# cleaning food you hunt



## Kamil (May 17, 2013)

ima start a rural squat none to far from an urban area preety soon, i would be able to hunt things like birds or squirrels and stuff. What are some methods for cleaning the meat properly and some recipes for small game like that or even possums and such?


----------



## Firefly (May 17, 2013)

I wouldn't even bother with birds unless your harvesting something large like a Turkey. As for small critters like squirrel and rabbit there are numerous videos on Youtube that show you how to clean.

A recipe I like is once you've cleaned two squirrel quarter them out in large portions(shoulder and backstrap, hind legs). Soak them in salty water for a few hours to help take the gamey taste away. After soaking, lay out a section of aluminum foil and lay the squirrel meat in the center. Cut up a onion, drop the onion slices on top of the meat, Cut up a potato and do the same. Cut up a carrot in small circular sections and toss em in. Season with 2 tsp of salt, and as much pepper as you like. Also if you have season all or whatever other spices you like add them now. Roll the aluminum foil up like a burrito across the middle. Roll the end up to the center but not too tight. Set it aside.

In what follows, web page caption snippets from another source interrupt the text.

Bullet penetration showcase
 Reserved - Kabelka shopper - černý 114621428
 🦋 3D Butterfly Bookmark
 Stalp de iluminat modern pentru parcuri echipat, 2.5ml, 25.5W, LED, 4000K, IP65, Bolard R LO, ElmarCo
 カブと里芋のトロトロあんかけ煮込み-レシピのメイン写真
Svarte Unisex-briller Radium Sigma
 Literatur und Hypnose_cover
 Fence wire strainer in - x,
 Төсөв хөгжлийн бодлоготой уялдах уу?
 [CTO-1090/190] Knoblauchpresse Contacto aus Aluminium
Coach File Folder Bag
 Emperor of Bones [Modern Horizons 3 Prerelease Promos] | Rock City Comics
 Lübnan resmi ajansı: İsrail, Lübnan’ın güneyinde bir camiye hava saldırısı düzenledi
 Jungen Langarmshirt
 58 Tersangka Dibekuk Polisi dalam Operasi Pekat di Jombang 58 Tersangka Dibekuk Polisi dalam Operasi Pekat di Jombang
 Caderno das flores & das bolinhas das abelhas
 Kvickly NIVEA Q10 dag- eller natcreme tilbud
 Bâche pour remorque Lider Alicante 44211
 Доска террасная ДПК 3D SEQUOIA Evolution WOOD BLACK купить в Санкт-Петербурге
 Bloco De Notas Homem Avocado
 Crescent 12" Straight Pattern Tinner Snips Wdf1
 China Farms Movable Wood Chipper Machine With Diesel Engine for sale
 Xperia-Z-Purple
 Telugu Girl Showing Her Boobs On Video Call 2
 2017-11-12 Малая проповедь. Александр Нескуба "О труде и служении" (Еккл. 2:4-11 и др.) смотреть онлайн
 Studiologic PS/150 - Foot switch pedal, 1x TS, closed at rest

Start a fire, I use simple pyramid or teepee design. Keep the fire going for about an hour or so. While waiting this hour make sure to feed the fire medium sized fuel wood(not tinder or kindling but the beefy wood that burns for a while) dig a hole about 12-18 inches down. After the hour has passed let the flames die down, rake half the coals and embers into the hole you just dug. Drop in your squirrel, make sure to keep if flat so you don't lose any juices. Cover the top of your squirrel with the rest of the coals. Finally fill in the hole with earth. Find something to do for 2 hours. Come back after 2 hours and dig up your supper.


----------



## cport420 (May 17, 2013)

Go to this site www.eattheweeds.com they have an archive list that covers stuff from wild edible plants, insects, and animals. Should be enough Info there to cover most basic edibles


----------



## cport420 (May 17, 2013)

Also salt, pepper, garlic , onion, carrots, and pepper is a great simple addition to any meat pretty much. You can learn different shit from there prolly. Plus it's REAL food.


----------